Machines et équipements industriels :

Comprend les pièces automobiles, la robotique, les équipements d'automatisation et les engins de chantier. Cette catégorie a représenté 110 milliards de dollars d'importations en 2023.

Meubles et articles ménagers :

Les meubles en bois et rembourrés, le petit électroménager (par exemple, les micro-ondes, les purificateurs d'air) et les luminaires sont des produits clés. À eux seuls, les meubles ont représenté 14 milliards de dollars d'importations.

Jouets, textiles et vêtements :

Les jouets représentent plus de 70 % des importations américaines de jouets, tandis que les textiles et les vêtements ont représenté 21 milliards de dollars d'importations en 2023.

Fournitures médicales et produits pharmaceutiques :

Ces produits comprennent les matières premières pharmaceutiques et les dispositifs médicaux, qui représentent environ 30% des importations américaines dans cette catégorie.

À moins que Trump n'exclue les produits pharmaceutiques et électroniques, les consommateurs américains vont payer des prix exorbitants pour les iPhones, les ordinateurs et les médicaments essentiels sur ordonnance. Presque rien des exportations américaines vers la Chine n'est exclusif aux États-Unis. Le soja, par exemple, est une exportation majeure des États-Unis vers la Chine. La Chine va probablement maintenant se tourner vers le Brésil pour acheter ses récoltes [note : la Chine et le Brésil ont déjà conclu un accord commercial qui contourne le dollar américain].

Trump se targue d'être un ami proche de Xi Jing Pour lui, ping. Au vu des insultes et du comportement grossier de Trump, je doute que le président Xi considère Donald comme un bon ami. Trump et son équipe semblent croire qu'ils ont l'influence nécessaire dans cette bataille et que les Chinois vont céder et chercher une solution négociée. Je pense que Trump et ses conseillers se trompent lourdement. La Chine ne se laissera pas intimider et cessera de considérer les États-Unis comme un partenaire commercial précieux. Les actions de Trump ont dissipé les derniers doutes des dirigeants chinois quant à la possibilité de maintenir une relation commerciale viable avec les États-Unis.

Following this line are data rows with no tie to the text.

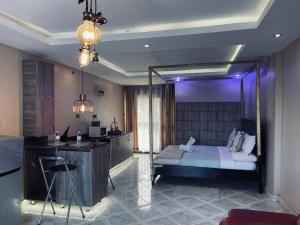 Trendy apartments في عنتيبي: غرفة نوم بسرير ومطبخ مع اضاءة ارجوانية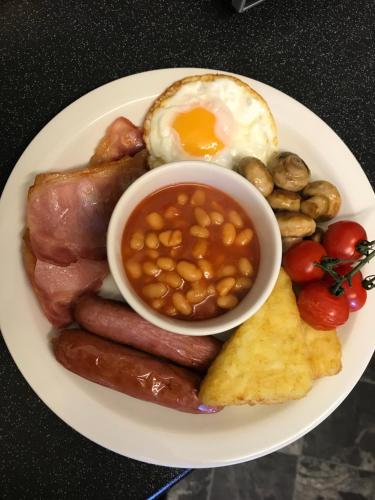 a plate of breakfast food with sausage beans eggs and mushrooms at The Windsor Carlton in Blackpool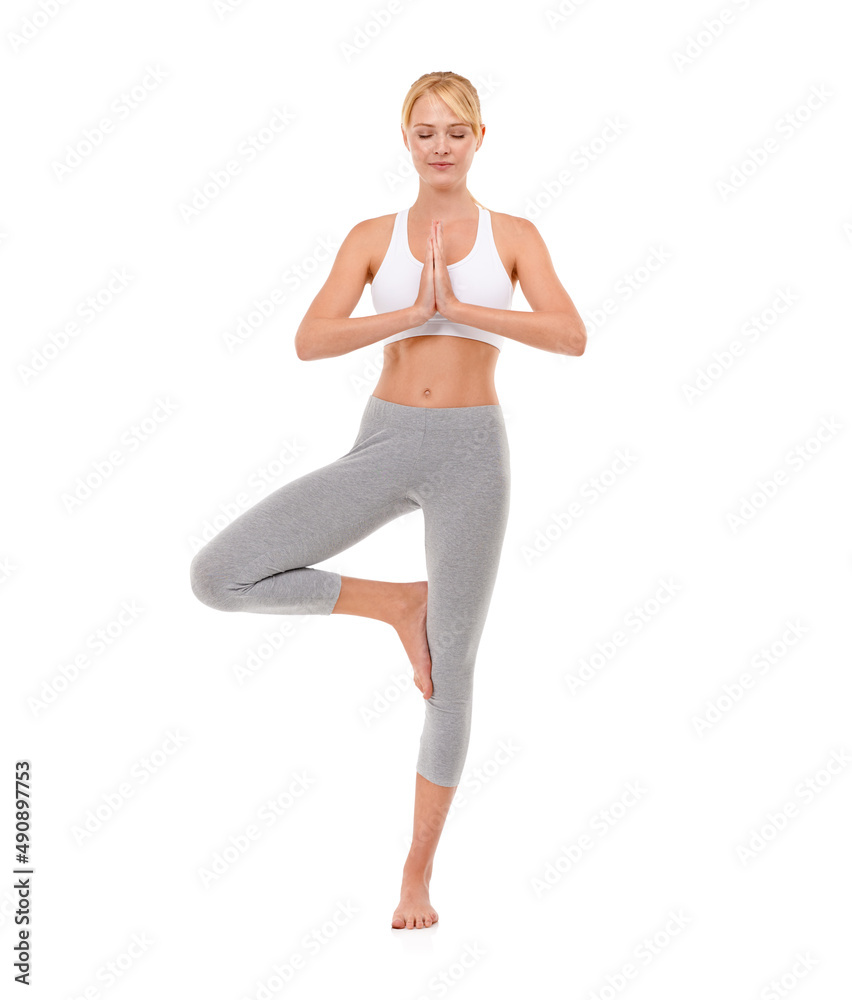 She meditates before and after every workout. Full-length shot of an attractive young woman meditati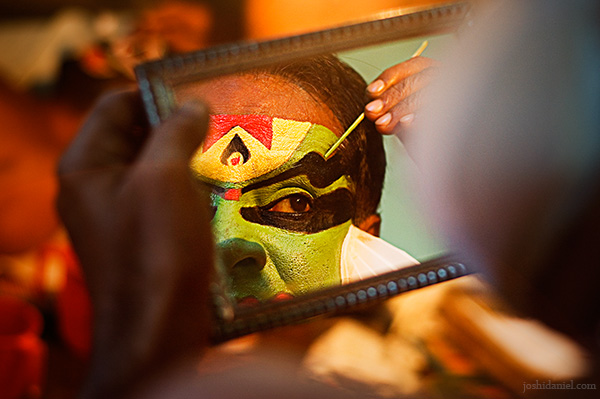 Reflection of a kathakali artist doing make-up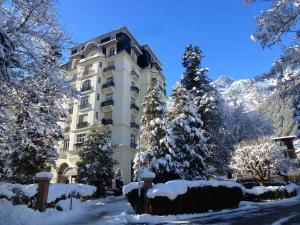 a building with snow covered trees in front of it at Résidence Majestic in Chamonix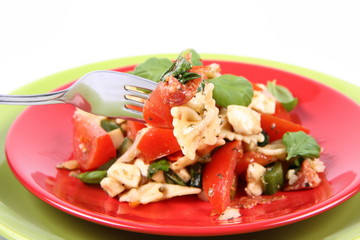 Salad being eaten - farfalle, tomato, salami, mozzarella, basil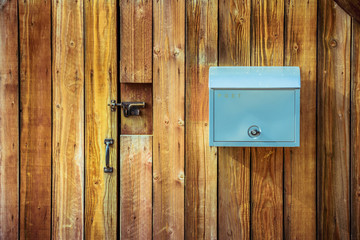 Blue mail box hanging on wooden wall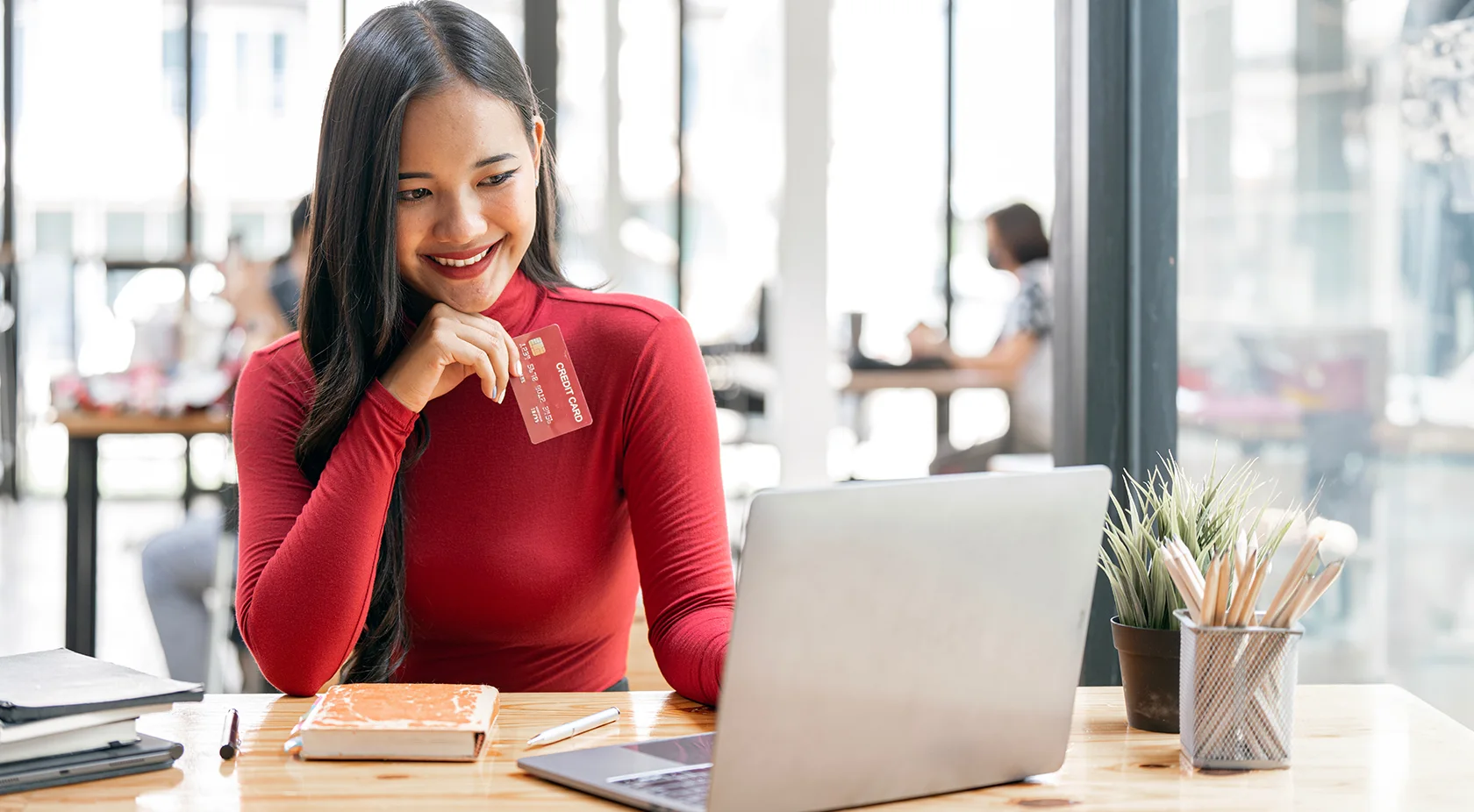 Woman smiling on laptop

La Chine a un avantage sur Trump : toute souffrance infligée au peuple chinois sera facilement imputée aux États-Unis, et non à Xi. Trump, quant à lui, subira la colère des consommateurs si les prix des produits électroniques et pharmaceutiques augmentent rapidement. C'est lui qui a fait cela, pas les Chinois.

Trump et ses conseillers semblent également parier que cette décision contribuera à convaincre la Russie que la Chine n'est pas un partenaire économique fiable et qu'elle abandonnera la Chine. Je pense que la diatribe de Trump sur les tarifs douaniers aura l'effet inverse : elle consolidera les relations russo-chinoises sur tous les fronts et les incitera à accélérer la transformation des BRICS en une alternative solide à un système financier basé sur le dollar américain.